La mayor galería de arte del mundo

Nos vamos a una de las capitales bálticas con más encanto: Estocolmo. La capital sueca descansa sobre un archipiélago y está compuesta por 14 islas diferentes. Su metro, excavado a una profundidad suficiente para servir de refugio antiatómico, posee en su interior la que probablemente sea la galería de arte más grande del mundo. 90 de las 110 estaciones que conforman el Tunnelbanan (tren del túnel) poseen pinturas, mosaicos, esculturas o montajes artísticos pertenecientes a diversos artistas desde los años 50 hasta la actualidad. Esta iniciativa de llevar el arte al ciudadano a las profundidades ha convertido al metro de Estocolmo en uno de los principales atractivos turísticos de todo el país.

Si queremos ir al barroco, basta con bajarnos en la estación Kungsträdgarden decorada con bustos y coumnas de esta época. Por su parte, la neurálgica T-Central es obra del finlandés Per Olaf Utvedt, que decorada con azul y blanco semeja una gruta de montaña.

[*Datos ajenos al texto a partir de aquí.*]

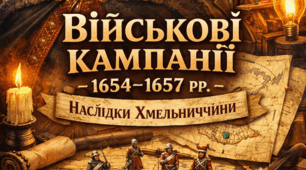 Історичний детектив "Шпигун в Чирині"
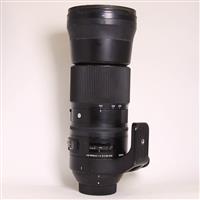 Used Sigma 150-600mm f/5-6.3 DG OS HSM Contemporary Lens Nikon F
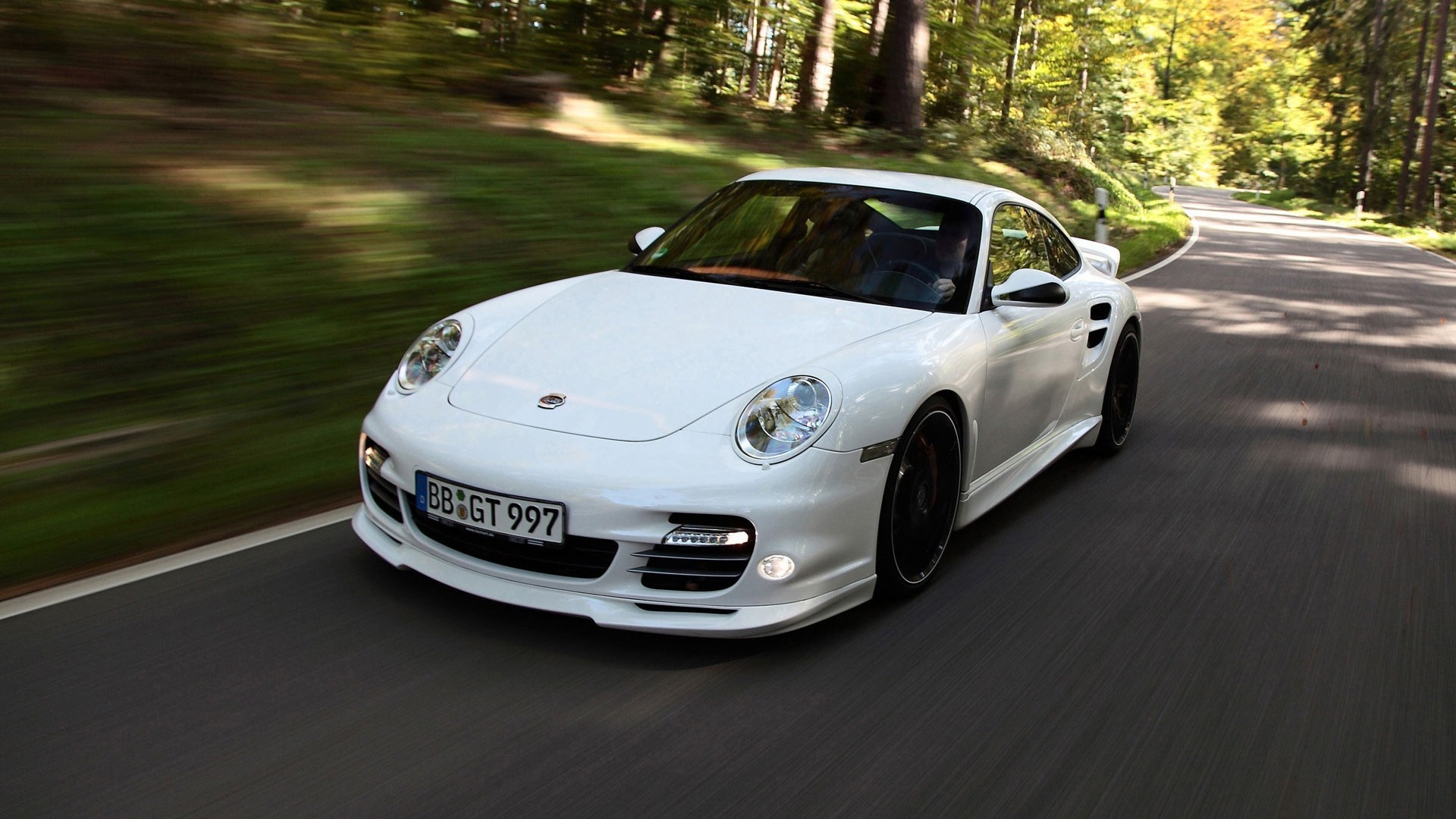 911 porsche turbo porsche coupe coche deportivo blanco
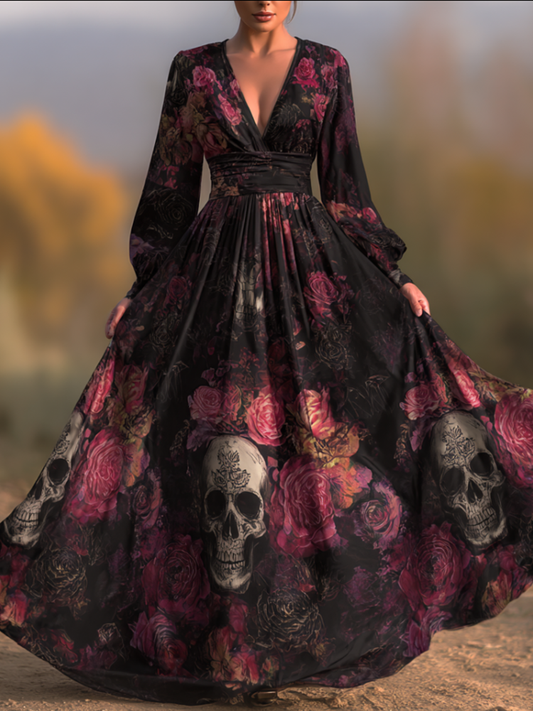 Casually Elegant Dress with a Refined Edge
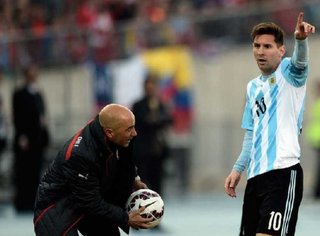 Sampaoli, más cerca de la Selección, con Messi a la cabeza e Icardi, convocado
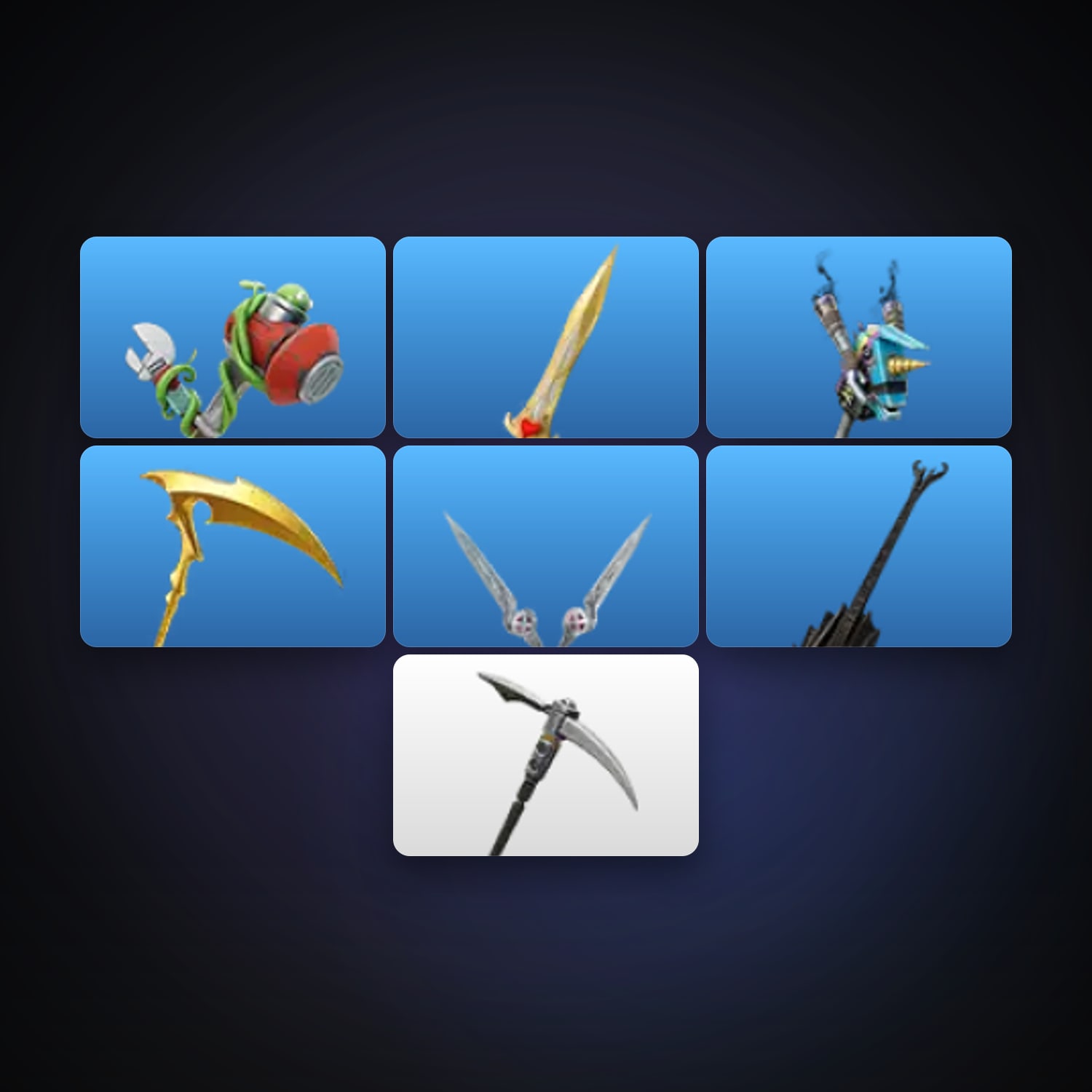 Fortnite locker — lvl 168 — HabibiAccounts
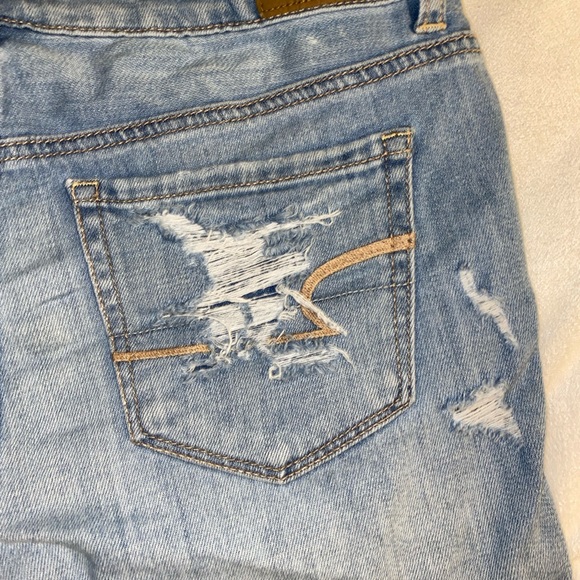 AE Ripped Bermuda Shorts - Picture 9 of 9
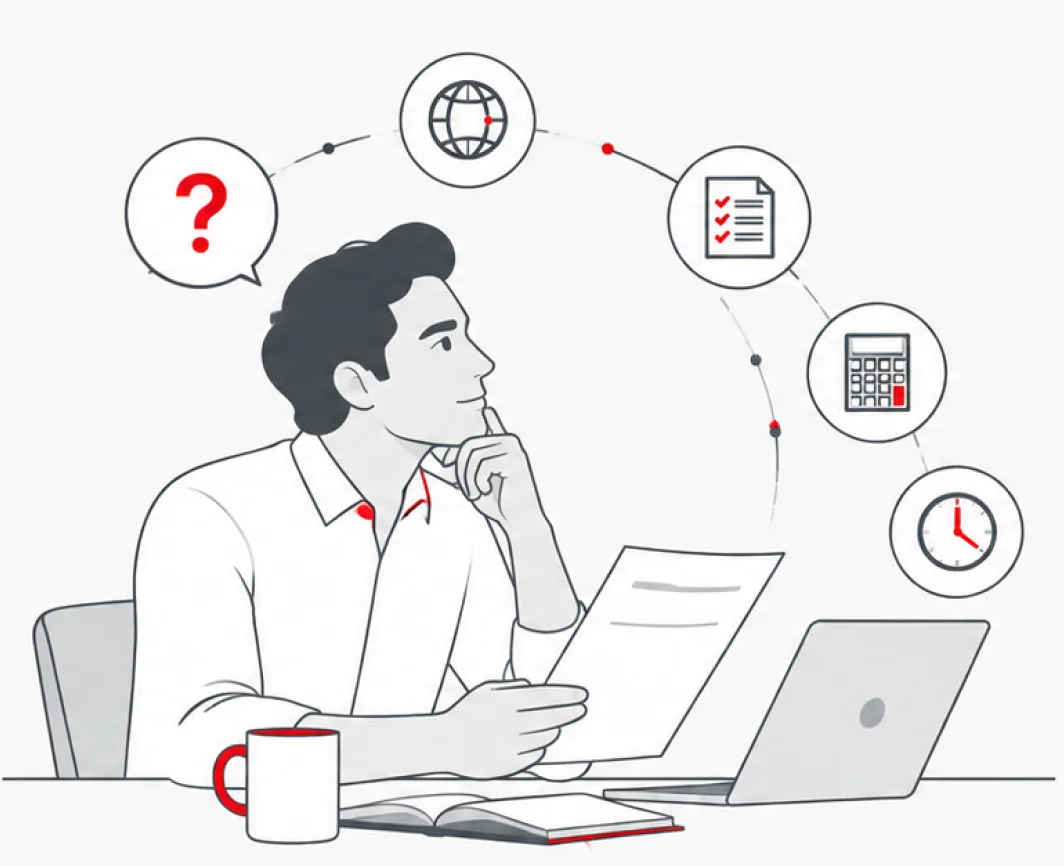 Customer support illustration Customer support illustration
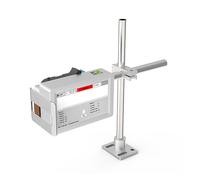 JCKJWL 12.7MM Online Label Inkjet Printer With 7-inch Display For QR Strip Number Number Logo Expiration Date 600 * 600dpi Multi-Functional Coding (12.7mm Printer 3 Ink)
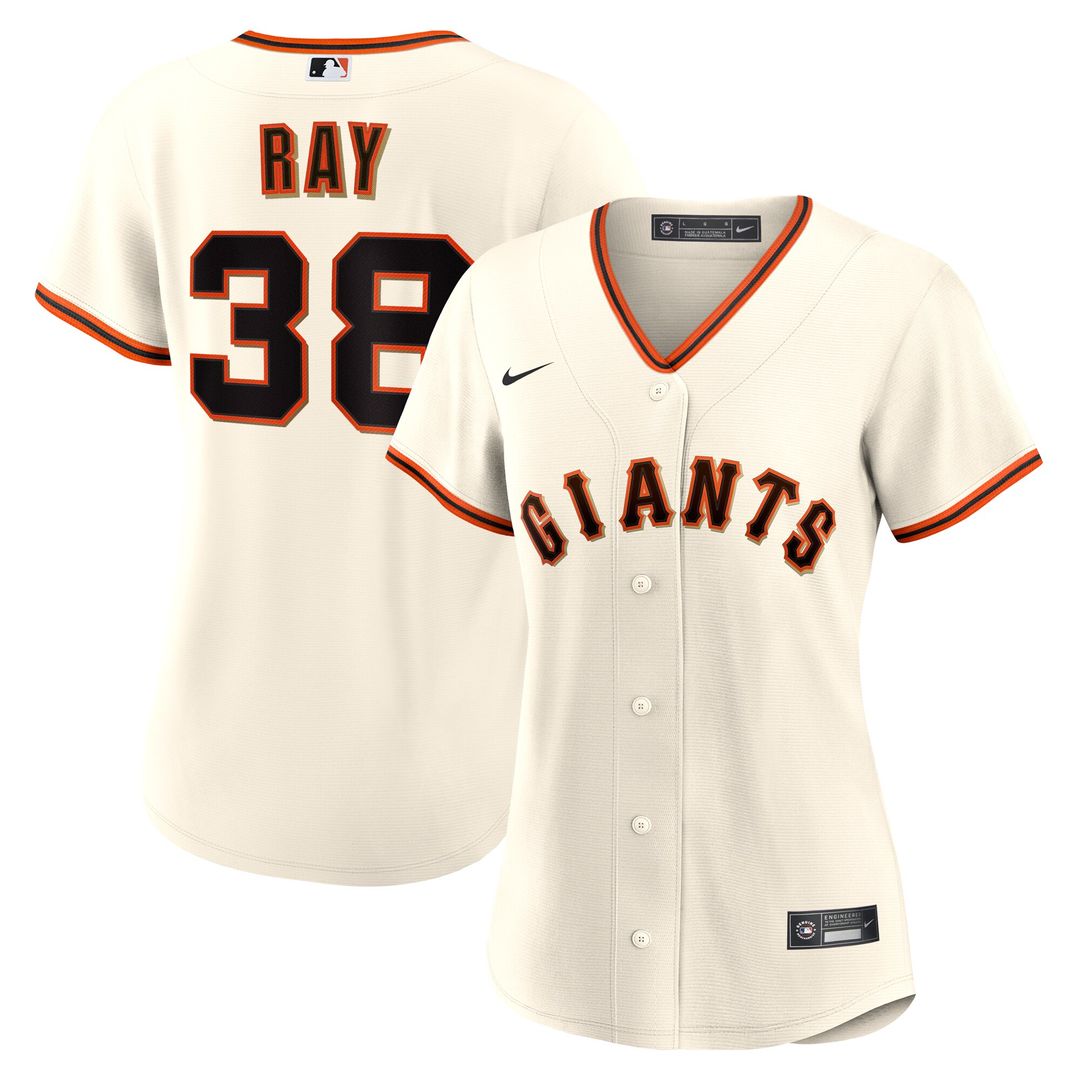 San Francisco Giants Robbie Ray Nike Women's Home Replica Jersey - White Team Jersey Sports Fan Apparel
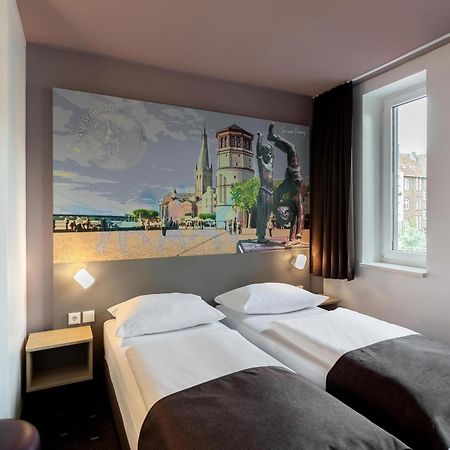 B&B Hotel Duesseldorf-Mitte المظهر الخارجي الصورة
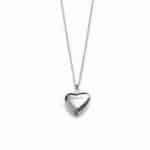 Sterling Heart Necklace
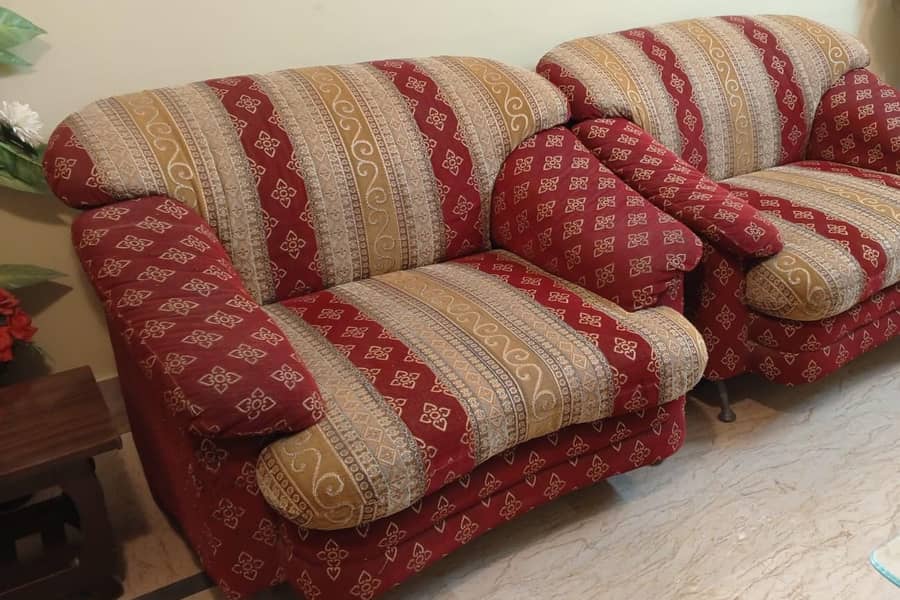 Used Sofa Set 4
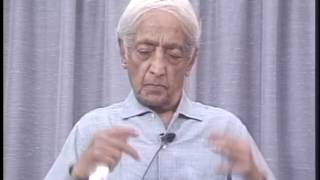 Understanding problems and the art of living  J Krishnamurti [upl. by Ailssa362]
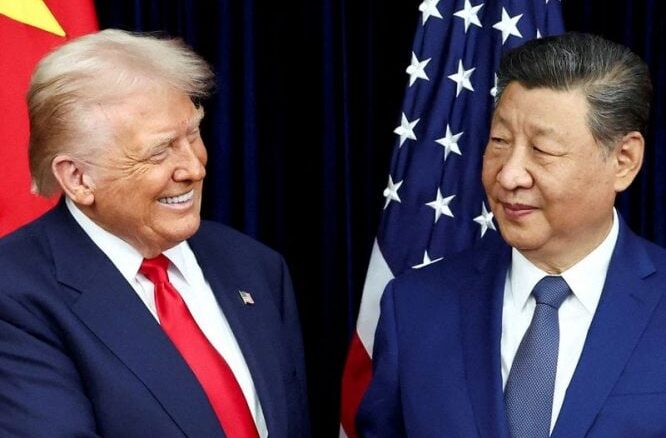 Investors seek signs of easing US-China tensions ahead of Trump-Xi talks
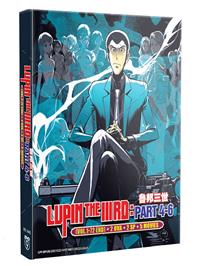 Lupin The Third : Part 4-6 (DVD) (2018) Anime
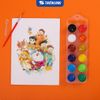  Bộ 12 Màu nước Thiên Long Colokit WACO-C002/DO - Phiên bản Nobita Và Câu Chuyện Thế Giới Trong Tranh 2025 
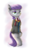 Size: 3300x5100 | Tagged: safe, artist:pucksterv, maud pie, earth pony, pony, g4, my little pony: friendship is magic, rock solid friendship, absurd resolution, clothes, female, formal wear, gradient background, graduate, mare, maud pie's tie, necktie, rocktorate, signature, solo, suit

El techo cavernoso pintado de rojo pasión en la estación de Solna Centrum es uno de los favoritos junto con el de Rissne, en el que la artista Helga Henschen cuenta la historia de las civilizaciones a través de fotografías de aves, ores y animales.

En otros casos las exposiciones son temporales, variando a lo largo del año el contenido artístico de la estación.

Para acercarse más a este insólito mundo artístico subterráneo, lo aconsejable es tomar una de las visitas guiadas disponibles en varios idiomas.

Interior of Komsomolskaya subway station in Moscow, Russian Federation
Un palacio subterráneo

La guerra y la historia son los principales temas con los que los moscovitas han decorado las estaciones de su metro. Recorrer Moscú bajo tierra no solamente es la forma más barata de moverse por la capital rusa sino que es la más artística.

Sus 180 estaciones, además de constituir un impresionante legado arquitectónico, son auténticos museos que, tras la revolución bolchevique, llevaron al pueblo el lujo de otra época, la de los zares.

Una de sus estaciones más concurridas, la de Komsomolskaya, ha conseguido que a todo este sistema subterráneo se le considere un verdadero palacio. Mármol, mosaicos –destacan los del discurso de Stalin en el Desfile de Moscú de 1941–, esculturas y unas gigantescas arañas de cristal son testigos del ajetreo de ciudadanos que deambulan diariamente por los pasillos del metro de mayor densidad de pasajeros del mundo y el quinto en extensión de líneas.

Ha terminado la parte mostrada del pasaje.